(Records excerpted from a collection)
__________________________________________________

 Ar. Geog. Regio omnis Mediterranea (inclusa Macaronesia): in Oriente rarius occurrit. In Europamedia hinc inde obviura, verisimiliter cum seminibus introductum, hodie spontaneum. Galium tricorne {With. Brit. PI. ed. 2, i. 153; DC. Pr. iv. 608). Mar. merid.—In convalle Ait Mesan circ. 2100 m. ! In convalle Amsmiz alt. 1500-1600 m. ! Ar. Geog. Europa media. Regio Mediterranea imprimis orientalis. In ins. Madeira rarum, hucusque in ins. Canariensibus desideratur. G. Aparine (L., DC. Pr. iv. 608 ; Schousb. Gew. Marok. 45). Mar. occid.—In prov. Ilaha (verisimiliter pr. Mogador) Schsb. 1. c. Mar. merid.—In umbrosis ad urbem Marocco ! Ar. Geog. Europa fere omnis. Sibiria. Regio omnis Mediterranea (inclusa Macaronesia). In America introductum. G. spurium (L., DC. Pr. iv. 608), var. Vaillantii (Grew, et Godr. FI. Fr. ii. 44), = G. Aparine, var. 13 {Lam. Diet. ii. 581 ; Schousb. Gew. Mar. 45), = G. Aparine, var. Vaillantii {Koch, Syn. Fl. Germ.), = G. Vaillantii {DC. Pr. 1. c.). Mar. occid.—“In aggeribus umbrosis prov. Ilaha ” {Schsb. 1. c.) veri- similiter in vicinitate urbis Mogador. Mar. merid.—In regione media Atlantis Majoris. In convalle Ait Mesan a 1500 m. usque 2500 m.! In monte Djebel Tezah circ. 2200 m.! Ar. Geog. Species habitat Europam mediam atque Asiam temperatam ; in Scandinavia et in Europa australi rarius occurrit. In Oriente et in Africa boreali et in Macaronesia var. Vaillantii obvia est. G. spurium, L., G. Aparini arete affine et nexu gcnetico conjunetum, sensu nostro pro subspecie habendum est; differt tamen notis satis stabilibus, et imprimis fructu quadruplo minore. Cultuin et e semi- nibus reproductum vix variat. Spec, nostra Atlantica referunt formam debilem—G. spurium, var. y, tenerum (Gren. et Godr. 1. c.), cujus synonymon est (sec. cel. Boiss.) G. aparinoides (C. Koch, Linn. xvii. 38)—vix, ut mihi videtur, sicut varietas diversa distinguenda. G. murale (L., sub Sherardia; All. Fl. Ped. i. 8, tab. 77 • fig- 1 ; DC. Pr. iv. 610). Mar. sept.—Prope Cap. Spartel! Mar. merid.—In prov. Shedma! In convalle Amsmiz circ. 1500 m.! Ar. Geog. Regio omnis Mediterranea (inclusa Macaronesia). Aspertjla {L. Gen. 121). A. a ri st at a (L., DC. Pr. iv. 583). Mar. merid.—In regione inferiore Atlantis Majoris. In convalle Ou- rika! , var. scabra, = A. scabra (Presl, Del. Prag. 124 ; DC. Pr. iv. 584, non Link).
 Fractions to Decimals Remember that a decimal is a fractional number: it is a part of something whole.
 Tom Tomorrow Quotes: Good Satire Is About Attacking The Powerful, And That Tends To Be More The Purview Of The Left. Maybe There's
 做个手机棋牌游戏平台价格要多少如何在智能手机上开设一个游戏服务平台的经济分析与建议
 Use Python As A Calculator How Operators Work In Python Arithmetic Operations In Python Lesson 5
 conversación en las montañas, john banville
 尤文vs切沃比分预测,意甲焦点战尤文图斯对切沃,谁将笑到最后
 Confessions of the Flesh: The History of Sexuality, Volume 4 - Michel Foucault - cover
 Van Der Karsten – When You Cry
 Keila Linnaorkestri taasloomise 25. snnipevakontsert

__________________________________________________

*PROBLEM TO WORK ON*. Please write out the lines that run from the one with "Tom Tomorrow Quotes: Good" to the end of the records, both included, exactly as they appear.

*WRITTEN REPLY*.
 Tom Tomorrow Quotes: Good Satire Is About Attacking The Powerful, And That Tends To Be More The Purview Of The Left. Maybe There's
 做个手机棋牌游戏平台价格要多少如何在智能手机上开设一个游戏服务平台的经济分析与建议
 Use Python As A Calculator How Operators Work In Python Arithmetic Operations In Python Lesson 5
 conversación en las montañas, john banville
 尤文vs切沃比分预测,意甲焦点战尤文图斯对切沃,谁将笑到最后
 Confessions of the Flesh: The History of Sexuality, Volume 4 - Michel Foucault - cover
 Van Der Karsten – When You Cry
 Keila Linnaorkestri taasloomise 25. snnipevakontsert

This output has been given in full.